• TO DO:
Copy every line of the listing that holds the string "image".

• TASK DATA:
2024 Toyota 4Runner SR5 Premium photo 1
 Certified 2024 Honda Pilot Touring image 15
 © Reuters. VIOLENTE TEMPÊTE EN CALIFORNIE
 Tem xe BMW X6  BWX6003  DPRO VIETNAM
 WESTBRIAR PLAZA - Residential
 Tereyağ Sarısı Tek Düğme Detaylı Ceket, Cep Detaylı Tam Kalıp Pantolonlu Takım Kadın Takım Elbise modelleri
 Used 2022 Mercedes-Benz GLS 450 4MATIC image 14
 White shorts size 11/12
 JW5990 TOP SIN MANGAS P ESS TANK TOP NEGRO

• YOUR RESPONSE:
 Certified 2024 Honda Pilot Touring image 15
 Used 2022 Mercedes-Benz GLS 450 4MATIC image 14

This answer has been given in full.